# Task brief
Copy exactly the lines from the one containing "MTN403414 - Metal" through the last line of the records below, including both, and leave out any pictures.

Image-text web data:
-*-*-

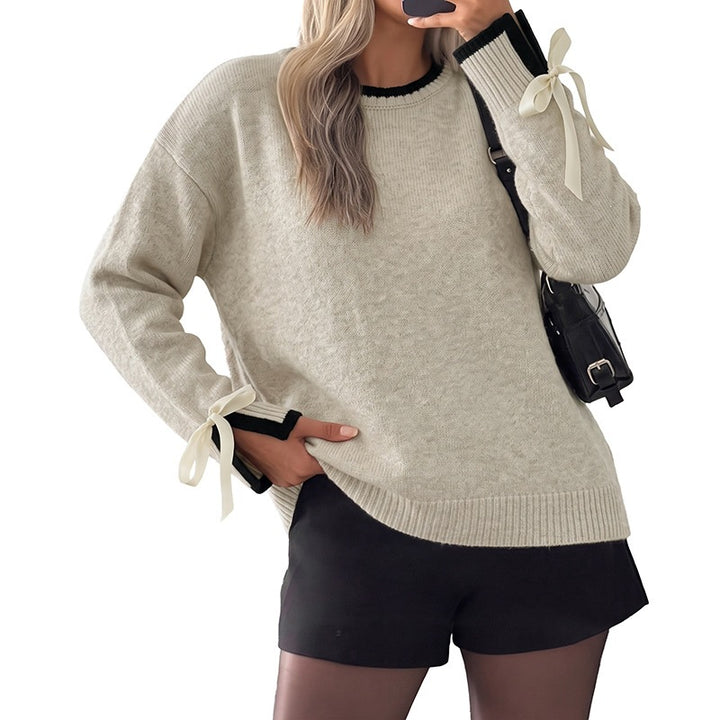 Damen Oversize-Feinstrickpullover mit kontrastgerippter Passe und Schleifen-Details Drune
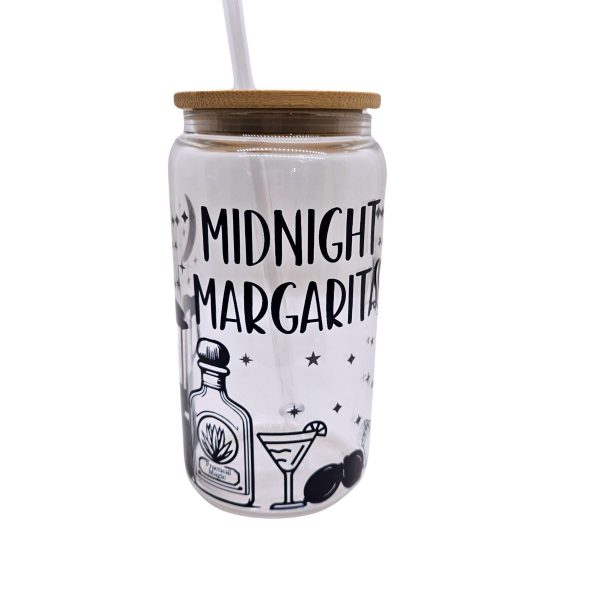 il_fullxfull.7629619821_33rs-1 Midnight Margaritas Glass Cup - Practical Magic Inspired Beer Can Tumbler For Iced Coffee &Amp; Halloween – Tumblers &Amp; Water Glasses – Handmade By Shessocrafty Goods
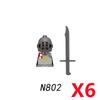 MOC Medieval Knight Castle Figures Building Blocks Weapon Wolf Swordsmen Guard Bow Arrow Shield Flags Warhorse Toys Gifts S002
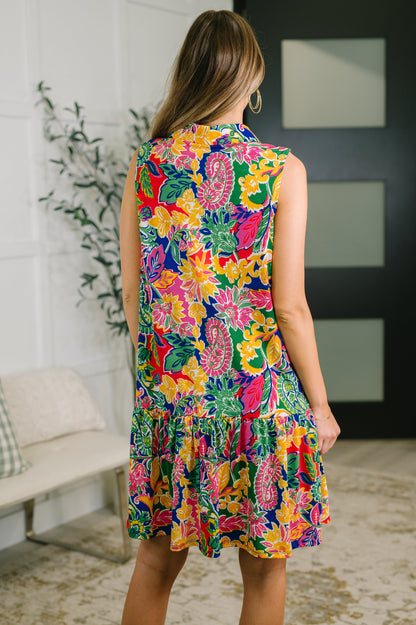 Coral Sands Collared Tank Dress in Floral Paisley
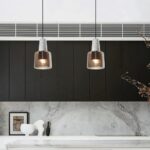 Lampe à suspension en marbre avec abat-jour en verre cognac, mini luminaire suspendu – Image 2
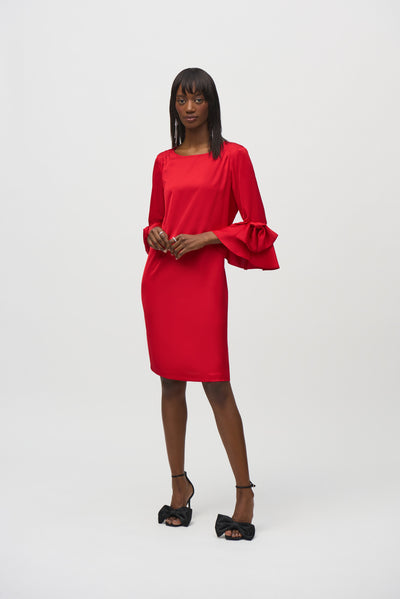 Satin Riffle Sleeve Straight Dress Joseph Ribkoff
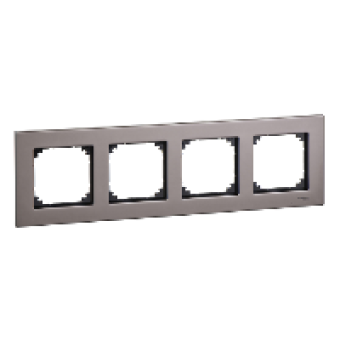 MTN403414 - Metal frame 4-gang Rhodium grey M-Elegance, Schneider Electric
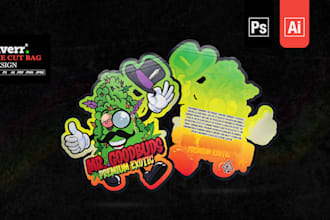 design custom shaped die cut weed pouch, cannabis mylar bags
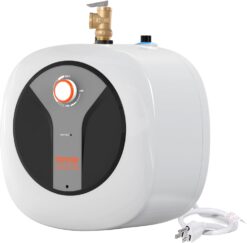 VEVOR Electric Mini-Tank Water Heater 4-Gallon Tank, 1440W Hot Water Boiler Storage, Safety Temperature Pressure Valve Easy Install, for Kichen Bathroom Restaurant, Shelf Wall Floor Mounted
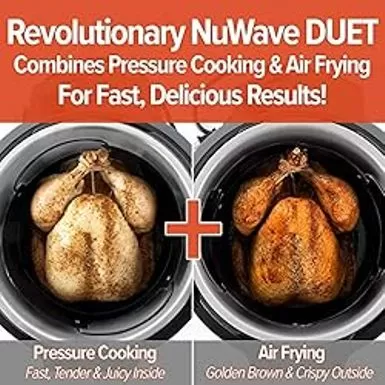 NuWave Duet Electric Pressure Cooker & Air Fryer Combo, 450 IN 1 Slow Cooker & Grill With Integrated Digital Temp Probe, 6qt SS Pot, Adjustable High/Low Pressure, Built-in Sure-Lock Safety Tech 6 NuWave Duet Electric Pressure Cooker & Air Fryer Combo, 450 IN 1 Slow Cooker & Grill With Integrated Digital Temp Probe, 6qt SS Pot, Adjustable High/Low Pressure, Built-in Sure-Lock Safety Tech - Image 4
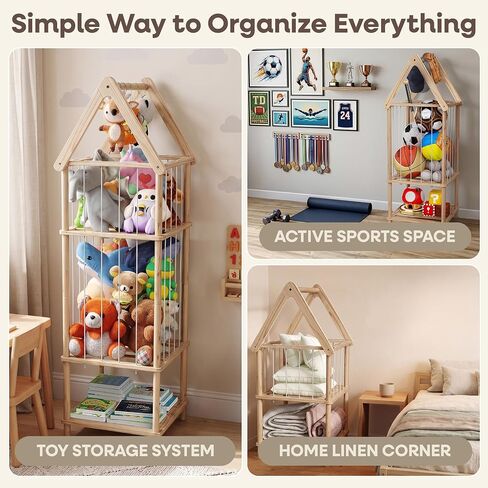 Kid Stuffed Animal Storage Corner, 3 Heights Adjustable (36", 45.5", 55.5") Wooden Zoo Stuffed Animal Organizer with Bottom Shelf, Durable Elastic Plushies Storage Cord - Teddy Bear Holder in Kuwait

-*-*-

# Answer area
 MTN403414 - Metal frame 4-gang Rhodium grey M-Elegance, Schneider Electric
 design custom shaped die cut weed pouch, cannabis mylar bags
 VEVOR Electric Mini-Tank Water Heater 4-Gallon Tank, 1440W Hot Water Boiler Storage, Safety Temperature Pressure Valve Easy Install, for Kichen Bathroom Restaurant, Shelf Wall Floor Mounted
 NuWave Duet Electric Pressure Cooker & Air Fryer Combo, 450 IN 1 Slow Cooker & Grill With Integrated Digital Temp Probe, 6qt SS Pot, Adjustable High/Low Pressure, Built-in Sure-Lock Safety Tech 6 NuWave Duet Electric Pressure Cooker & Air Fryer Combo, 450 IN 1 Slow Cooker & Grill With Integrated Digital Temp Probe, 6qt SS Pot, Adjustable High/Low Pressure, Built-in Sure-Lock Safety Tech - Image 4
 Kid Stuffed Animal Storage Corner, 3 Heights Adjustable (36", 45.5", 55.5") Wooden Zoo Stuffed Animal Organizer with Bottom Shelf, Durable Elastic Plushies Storage Cord - Teddy Bear Holder in Kuwait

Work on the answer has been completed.